You can cover a variety of topics or pick a theme, whatever sounds more interesting to you. A theme can be a topic that has been helpful or that you want to learn more about, or an issue you’re working on. If you need ideas, possible themes could be self-compassion, stress, workplace problems, relationships, mindfulness, anxiety, distress tolerance and/or values. I picked self-compassion. I decided to try a theme because I hoped the day could be a deep-dive into a new topic that interested me. If you’re working with a therapist or psychiatrist, they might have suggestions.

 2. Think about how you learn best. 

Depending on your learning style, you can check out readings, videos or activities. I’m sharing resources that I’ve tried, but you can find options that work for you by looking online or asking for recommendations from your friends, family or treatment team.

For free readings and activities, I’ve searched for topics in Psychology Today, Psych Central, or here at The Mighty. Re-reading parts of a favorite self-help book can be worthwhile.

For me, the self-help books I turn to most are “The Happiness Trap” by Russ Harris (free resources on website) and “The Mindful Path Through Worry and Rumination” by Sameet M. Kumar.

I watched a couple TED talks on self-compassion, the theme I picked for the day. TED has mental health-related playlists such as this playlist on stress or this playlist on creating meaningful relationships. I recently listened to the talk “How Do We Cope with Fear?” on Headspace’s Youtube channel, which includes the series “Exploring Life’s Biggest Questions with Andy Puddicome.”

For mindfulness activities, I have appreciated the apps Insight Timer and Healthy Minds Program with their guided meditations. I also attended a virtual support group through my local National Alliance on Mental Illness chapter. 
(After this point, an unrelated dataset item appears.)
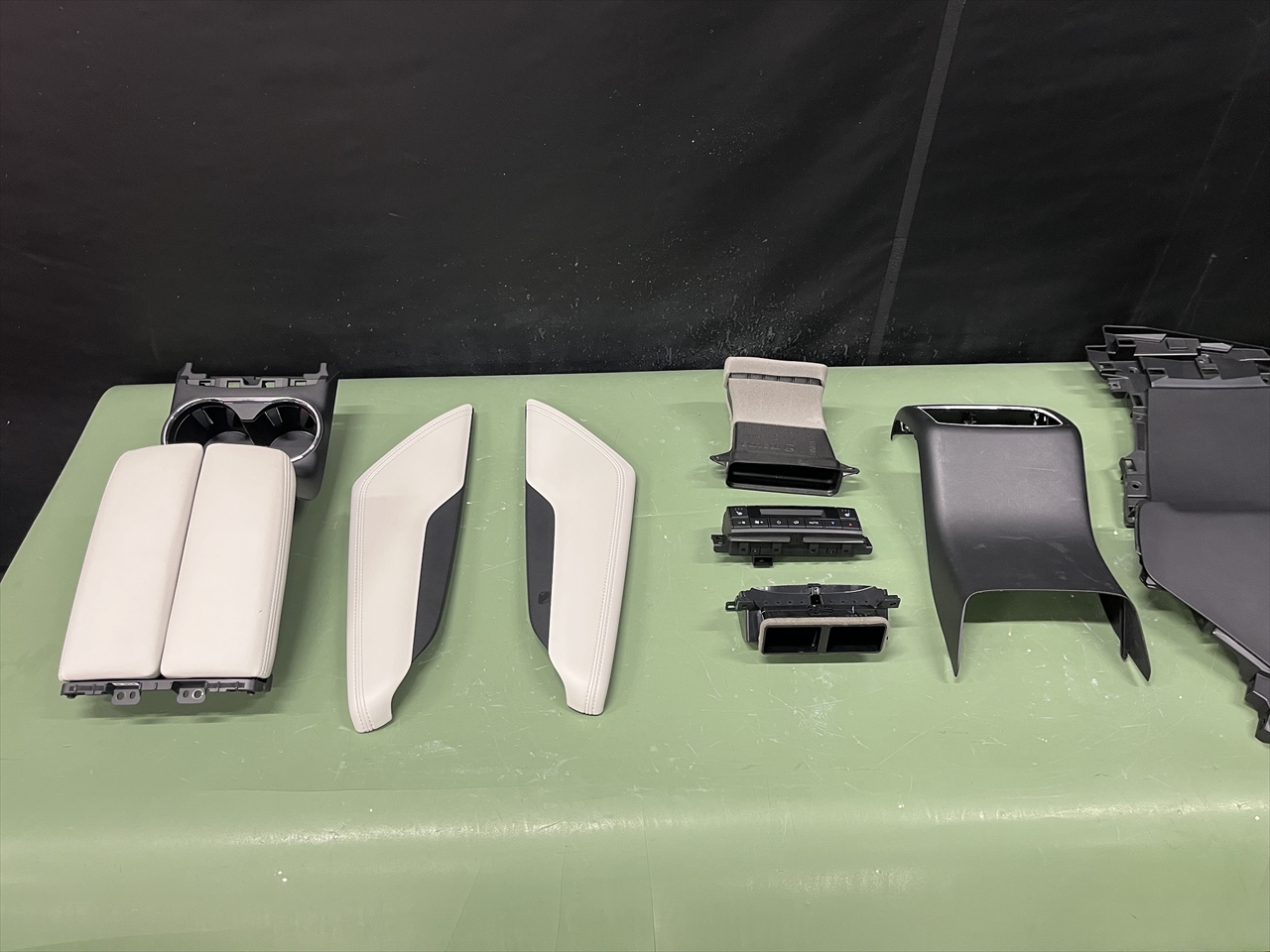 車内クリーニング (嘔吐 センターコンソール周り)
For other ways to feel connected, you could message your online community, call a friend or spend time outside around other people such as in a park (with masking and social distancing). You could also try writing a letter. When I’m alone, listening to music, especially music that I associate with good memories, can help me feel more connected.
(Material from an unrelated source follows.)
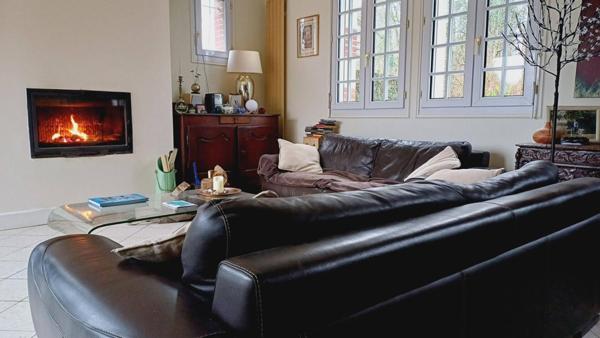 PROPRIETE avec parc arboré et piscine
What is your favorite way to relax? You can choose hobbies that you enjoy or have wanted to try. Consider exercise, including walking or yoga. Going outside can be energizing. Check out this list for ideas on new hobbies. These activities can help you cope with the physical experience of stress or distract you from your worries. 

I’m planning to organize another Mental Health Recovery Day in a couple weeks, although the experience had pros and cons. The mix of activities kept me interested, and the common theme helped new ideas sink in but finding time can be challenging and planning takes effort. The activities can be broken up into smaller chunks or spread over weeks. On days when I’m feeling more severely anxious or depressed, it could be difficult for me to plan and finish the activities. I could ask for help or try preparing activities ahead of time to use when I need them. My Mental Health Recovery Day introduced me to a couple new topics that I have continued learning about. I’m using new self-compassion practices, like hugging myself when I’m anxious. I started valuing my hobbies more and I’m trying to make more time for putting together Lego sets, which I really enjoy. My stress and anxious thoughts didn’t go away, but I’m learning different ways of getting through them with hope.